# PushT discretization verification


This notebook inspects the discretized PushT datasets, confirms that every new artifact was generated, and compares
them against the original continuous-action data. It is intended to be rerunnable whenever the discretization pipeline
is updated or a new dataset copy is produced.


In [18]:
# === Imports & configuration ===
import os, gc, math, pickle
from pathlib import Path
from typing import Dict, List, Tuple

import numpy as np
import torch

torch.set_grad_enabled(False)

SPLITS = ("train", "val")
ACTIONS_FNAME = "rel_actions.pth"
ABS_ACTIONS_FNAME = "abs_actions.pth"
VELOCITIES_FNAME = "velocities.pth"
STATES_FNAME = "states.pth"
STATE_CONSTANT_FNAME = "states_constant.pth"
LENGTHS_FNAME = "seq_lengths.pkl"
TOKENS_FNAME = "tokens.pth"
VARIANTS = ("kmeans_k9", "kmeans_k15", "fixed_compass_r24")
SUBSET_SPECS = {"1k": 1_000, "10k": 10_000}

def _resolve_dataset_dir(path_str: str, default_leaf: str = "pusht_noise") -> Path:
    base = Path(path_str).expanduser()
    if (base / "train").exists() and (base / "val").exists():
        return base
    candidate = base / default_leaf
    if (candidate / "train").exists() and (candidate / "val").exists():
        return candidate
    raise FileNotFoundError(f"Could not resolve dataset directory from {path_str!r}. Provide SRC_DATASET_DIR or DATASET_DIR.")

src_root_env = os.getenv("SRC_DATASET_DIR", os.getenv("DATASET_DIR", "data"))
SRC_DATASET_DIR = _resolve_dataset_dir(src_root_env)
dst_root_env = os.getenv("DST_DATASET_DIR", str(SRC_DATASET_DIR.parent / "pusht_noise_discretized"))
DST_DATASET_DIR = Path(dst_root_env).expanduser()

subset_roots = {name: DST_DATASET_DIR.parent / f"{DST_DATASET_DIR.name}_{name}" for name in SUBSET_SPECS}

print(f"Source dataset       : {SRC_DATASET_DIR}")
print(f"Discretized dataset  : {DST_DATASET_DIR}")
print(f"Subset roots         : {subset_roots}")
print(f"Variants             : {VARIANTS}")
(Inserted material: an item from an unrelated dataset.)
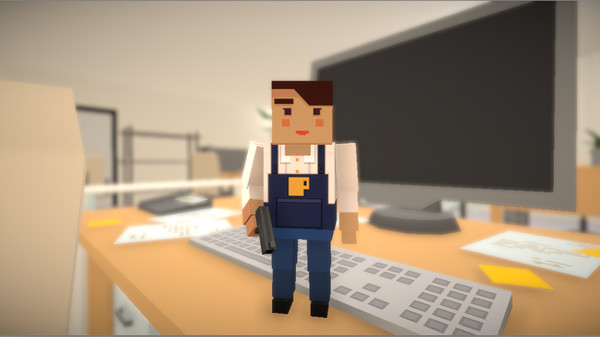 Скриншот из Block Heads: Instakill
Source dataset       : /Users/julianquast/Documents/Documents - pythonPedro (Mac)/Bachelor Thesis/Datasets/pusht_noise
Discretized dataset  : /Users/julianquast/Documents/Documents - pythonPedro (Mac)/Bachelor Thesis/Datasets/pusht_noise_discretized
Subset roots         : {'1k': PosixPath('/Users/julianquast/Documents/Documents - pythonPedro (Mac)/Bachelor Thesis/Datasets/pusht_noise_discretized_1k'), '10k': PosixPath('/Users/julianquast/Documents/Documents - pythonPedro (Mac)/Bachelor Thesis/Datasets/pusht_noise_discretized_10k')}
Variants             : ('kmeans_k9', 'kmeans_k15', 'fixed_compass_r24')


In [19]:
# === Helper utilities ===
def load_lengths(split_dir: Path) -> np.ndarray:
    with open(split_dir / LENGTHS_FNAME, "rb") as f:
        lengths = pickle.load(f)
    return np.asarray(lengths, dtype=np.int64)

def list_split_files(split_dir: Path) -> List[str]:
    return sorted(p.name for p in split_dir.iterdir() if p.is_file())
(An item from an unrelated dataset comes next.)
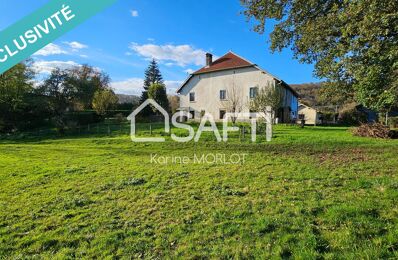 vente maison 155 000 € à proximité de Montussaint (25680)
def describe_tensor(tensor: torch.Tensor) -> Dict[str, object]:
    return {"shape": tuple(int(x) for x in tensor.shape),
            "dtype": str(tensor.dtype),
            "min": float(tensor.min().item()),
            "max": float(tensor.max().item())}

def gather_episode_meta(dataset_dir: Path) -> Dict[str, Dict[str, object]]:
    meta: Dict[str, Dict[str, object]] = {}
    for split in SPLITS:
        split_dir = dataset_dir / split
        lengths = load_lengths(split_dir)
        if lengths.size == 0:
            min_len = max_len = total_steps = 0
        else:
            min_len = int(lengths.min())
            max_len = int(lengths.max())
            total_steps = int(lengths.sum())
        meta[split] = {
            "num_episodes": int(len(lengths)),
            "num_steps": total_steps,
            "min_len": min_len,
            "max_len": max_len,
            "lengths": lengths,
        }
    return meta

def allocate_subset_counts(total_target: int, split_meta: Dict[str, Dict[str, int]]) -> Dict[str, int]:
    total_available = sum(meta["num_episodes"] for meta in split_meta.values())
    if total_target >= total_available:
        return {split: split_meta[split]["num_episodes"] for split in SPLITS}
    counts: Dict[str, int] = {}
    remaining = total_target
    for idx, split in enumerate(SPLITS):
        meta = split_meta[split]
        if idx == len(SPLITS) - 1:
            take = remaining
        else:
            prop = meta["num_episodes"] / total_available
            take = min(meta["num_episodes"], int(round(total_target * prop)))
        counts[split] = max(0, min(meta["num_episodes"], take))
        remaining -= counts[split]
    while remaining > 0:
        for split in SPLITS:
            if counts[split] < split_meta[split]["num_episodes"]:
                counts[split] += 1
                remaining -= 1
                if remaining == 0:
                    break
    return counts

EPISODE_ALIGNED_FILES = [
    ABS_ACTIONS_FNAME,
    VELOCITIES_FNAME,
    ACTIONS_FNAME,
    STATES_FNAME,
    STATE_CONSTANT_FNAME,
    TOKENS_FNAME,
] + [f"rel_actions_discretized_{variant}.pth" for variant in VARIANTS]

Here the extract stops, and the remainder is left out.